Paul Grewal – Chief Legal Officer at Coinbase – has cleared the air on the company’s latest 10q which included worrying language pertaining to the management of customers’ funds in the event of bankruptcy. Grewal stated that a bankruptcy event at Coinbase is highly unlikely, and explained how users’ funds are currently kept secure.
Are Customers’ Funds Safe?
In a statement on Wednesday, the CLO clarified that customer funds and corporate assets are kept separate within Coinbase’s internally audited ledger. Therefore, there are no questions about whose fiat currency – or cryptocurrency – belongs to whom.
Furthermore, the exchange does not engage in lending or other activities with customers’ assets unless given explicit permission to do so. In the 10q report released in May, Coinbase claimed that customers’ crypto assets were not protected by FDIC insurance.
In traditional finance, it is common practice for banks to use the funds deposited by their customers to issue loans. This means only a fraction of total deposits is available for withdrawal at any given time, creating risks for customers in the event of a bank run.
“Coinbase always holds customer assets 1:1,” stated Grewal. “This means that funds are available to our customers 24 hours a day, 7 days a week, 365 days of the year.”
The Bankruptcy Black Swan
The legal officer’s final point addressed the company’s retail user agreement. The agreement has been updated to clearly establish that retail customers’ assets are protected under UCC Article 8, just like institutional clients.
This is contrary to the initial report’s claim that custodial-held crypto assets could be subject to “bankruptcy proceedings”, and be considered property of a bankruptcy estate. “Such customers could be treated as our general unsecured creditors,” it read.
Grewal claimed that the modification is not a change to the company’s effective treatment of digital assets. “We believe that digital assets in our custody have always been Article 8 financial assets,” he said.
Coinbase CEO Brian Armstrong issued an apology for the report’s language soon after it was released.

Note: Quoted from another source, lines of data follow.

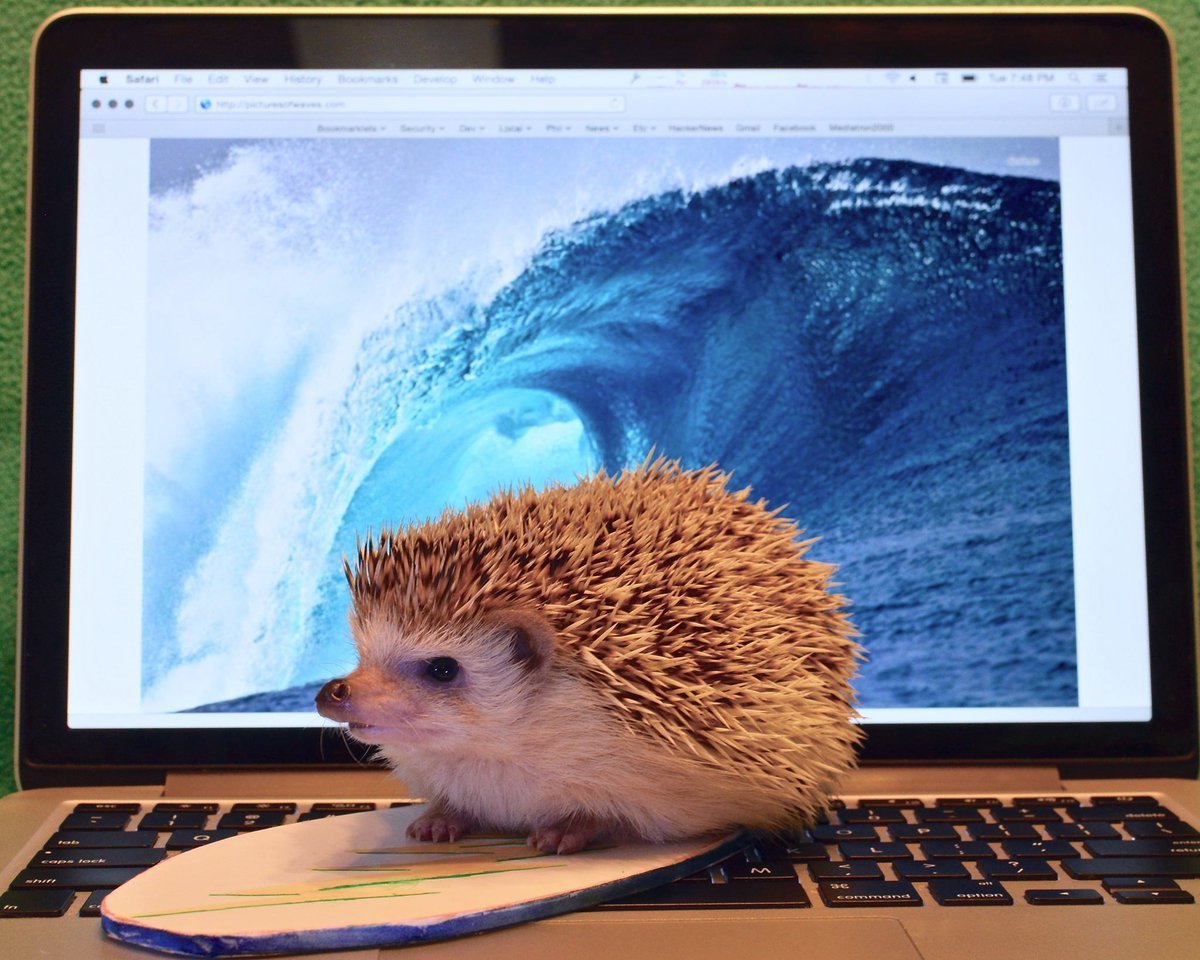 Ежик отдыхает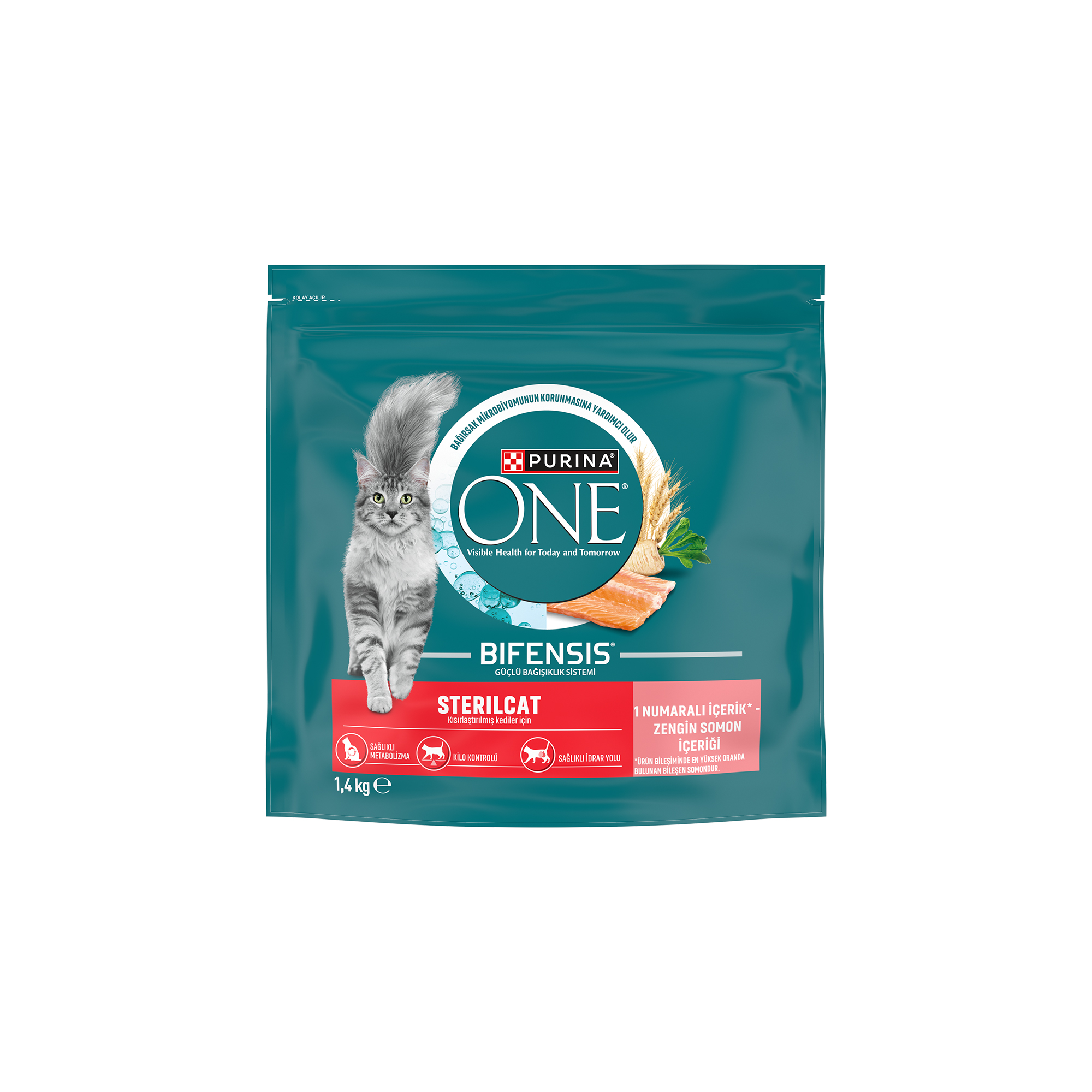 Purina ONE Somonlu Kısırlaştırılmış Kedi Maması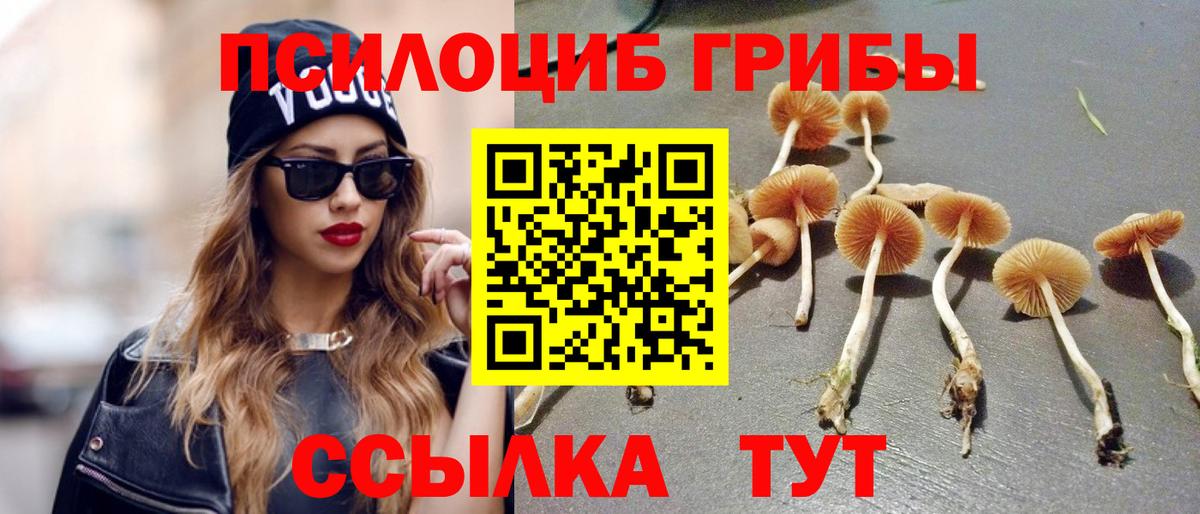 Псилоцибиновые грибы Psilocybe Пушкино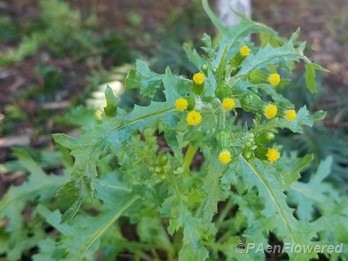 Flowers with leaves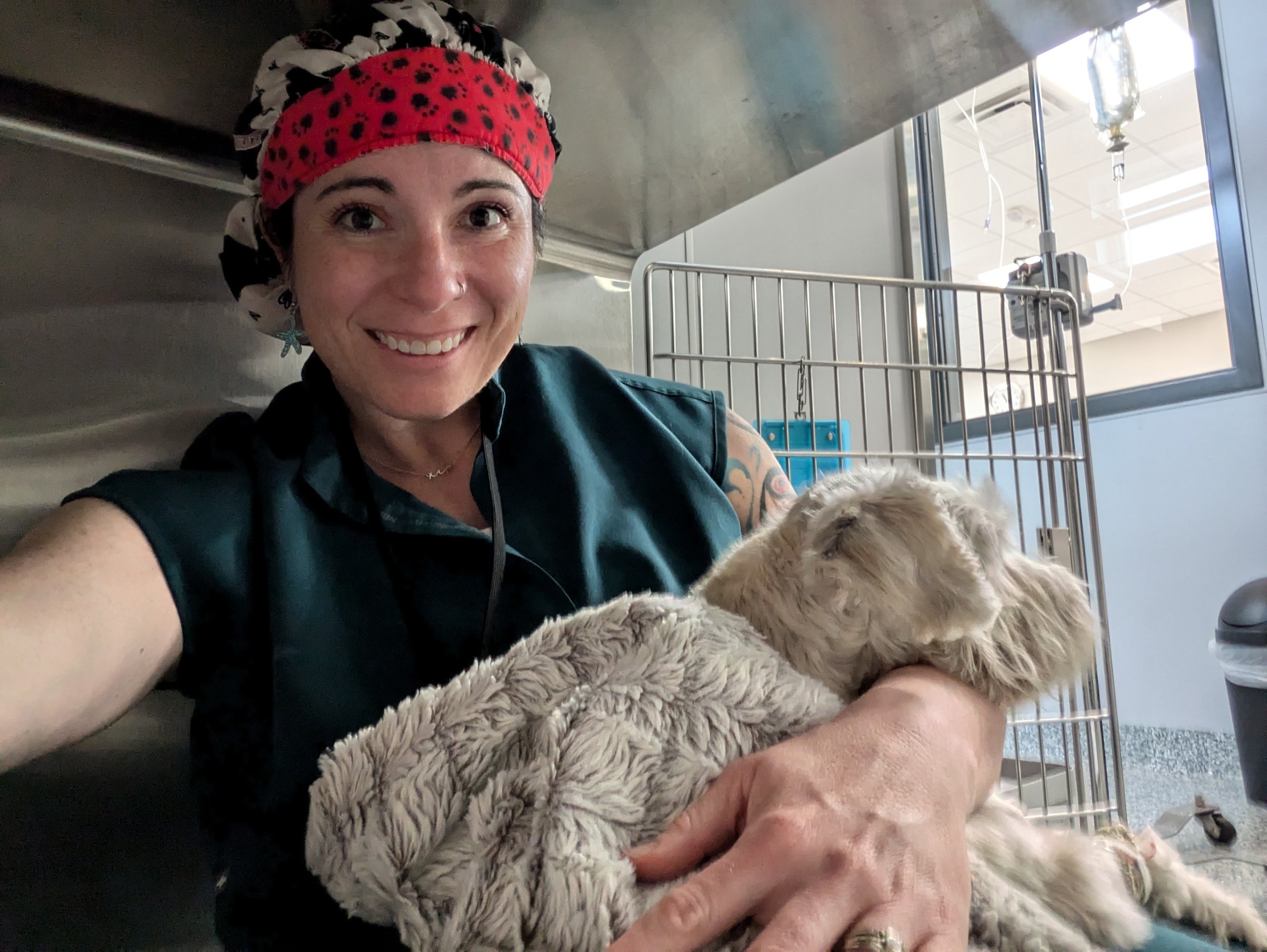 7 Ways to Celebrate National Pet Week
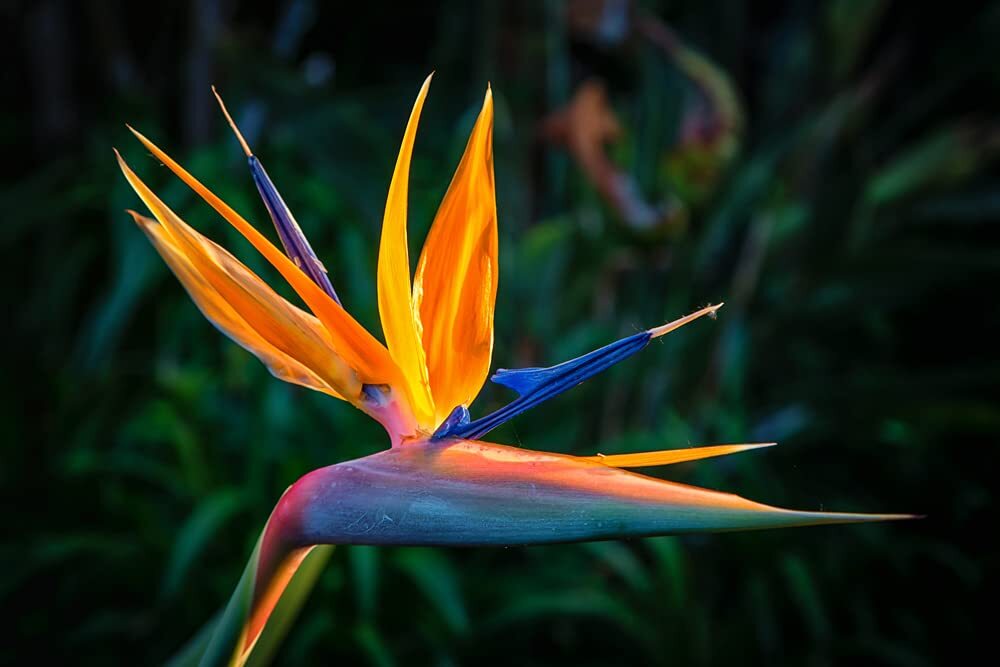 Orange Bird of Paradise Flower Seeds – 5 Seeds to Grow – Great Indoor Tropical P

He explained that the disclosure made sense at the time, in that such legal protections are yet to be tested in court for crypto assets.
“We should have updated our retail terms sooner, and we didn’t communicate proactively when this risk disclosure was added,” said the CEO.
Coinbase stock has gone down massively in recent months, in tandem with the cryptocurrency market. A spokesperson from the company recently revealed that four top officials jointly sold off over $1 billion worth of COIN stock since going public – of which Brian Armstrong was one.